In a presentation at a ski resort in Squaw Valley, Calif., GoPro emphasized features that make the cameras simpler to use than previous models.
The same principle applies to the $799 drone, called Karma, which folds to fit into a backpack. GoPro cameras attach to the drone via a "stabilization" arm.
"The whole experience, for the first time, across the board, GoPro is easy," Chief Executive Nick Woodman said at the event.
Much is riding on the new products: Mr. Woodman said in July that he expects GoPro to swing back into the black with the two launches, pegged to arrive in time for the holiday shopping season.
Sales have plummeted by nearly half in recent quarters after the flop last year of its first everyman camera, the Hero 4 Session. In addition, GoPro is challenged by the increasing quality and ubiquity of smartphone cameras, such as the new dual camera on Apple Inc.'s iPhone 7 Plus.
In July, GoPro logged a quarterly loss of $91.8 million, its third consecutive loss.
Shares of GoPro, down 70% since the launch of the Session in July 2015, rose nearly 17% over the past three trading days on anticipation of the new products. Shortly after the launch Monday, shares were trading up as much as 6%.

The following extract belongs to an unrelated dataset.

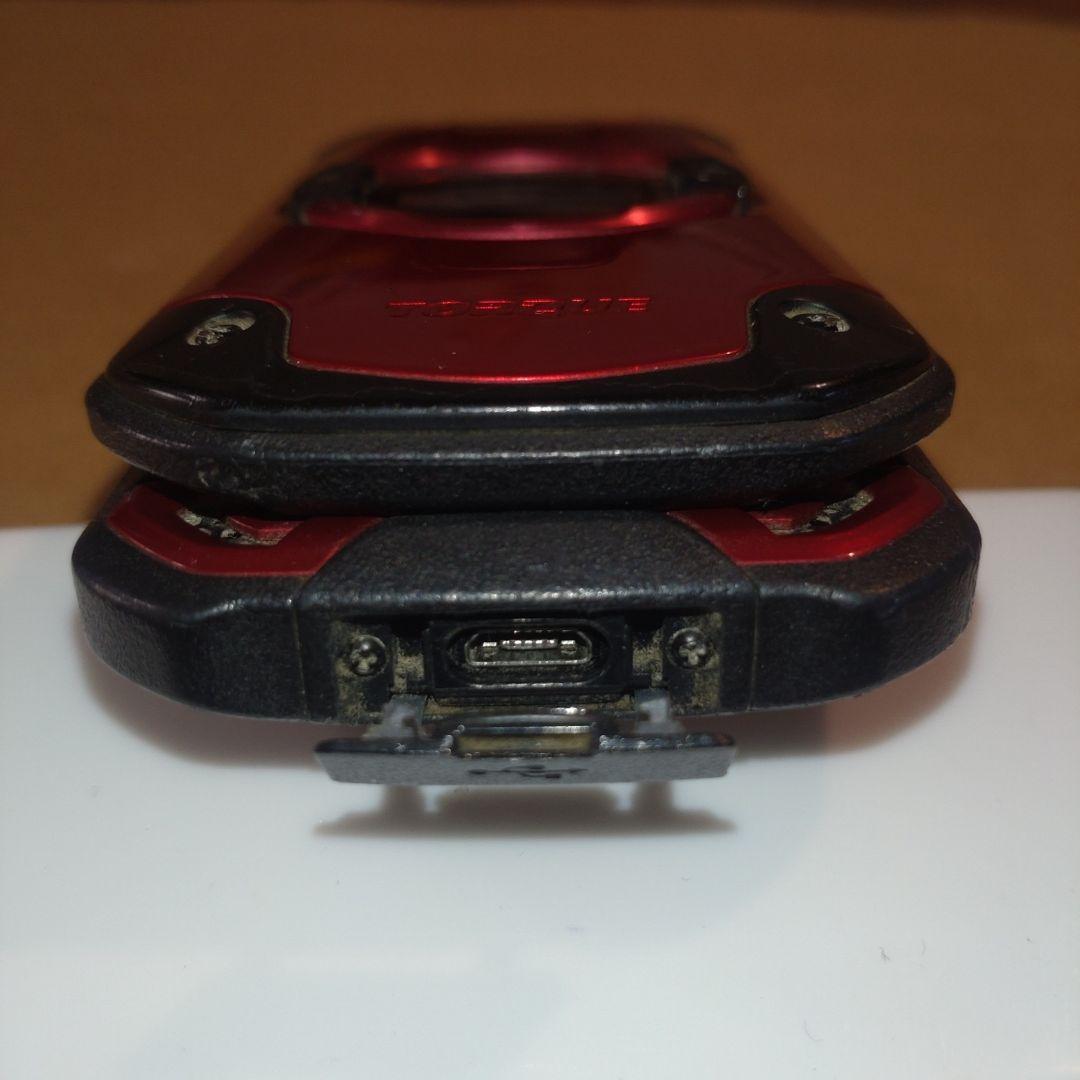 スマートフォン本体 au TORQUE X01 KYF33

GoPro initially set the Session's price too high last year, it said, and admitted the software was too difficult to use. As a result, it didn't reach the broader audience it was intended to attract.
The company has had a year to address those ails. GoPro has resolved some of the kinks that had made their cameras difficult to use, such as uploading photos and videos. The two new cameras automatically upload content to the cloud when plugged in. Editing software syncs images to music.
GoPro has priced the two cameras $100 apart, a differentiation the company missed last year when it introduced the entry-level Hero 4 Session at the same price as its flagship camera.
The Karma drone, meanwhile, has been on GoPro's horizon for a long time. GoPro delayed the launch of the drone from the first half of the year to "fine-tune" some of its features, Mr. Woodman said in May.
Despite the drone's long product development, investors are uncertain how much it will contribute to GoPro's bottom line. "Ultimate Karma demand remains uncertain," Brad Erickson, of Pacific Crest Securities, wrote in July.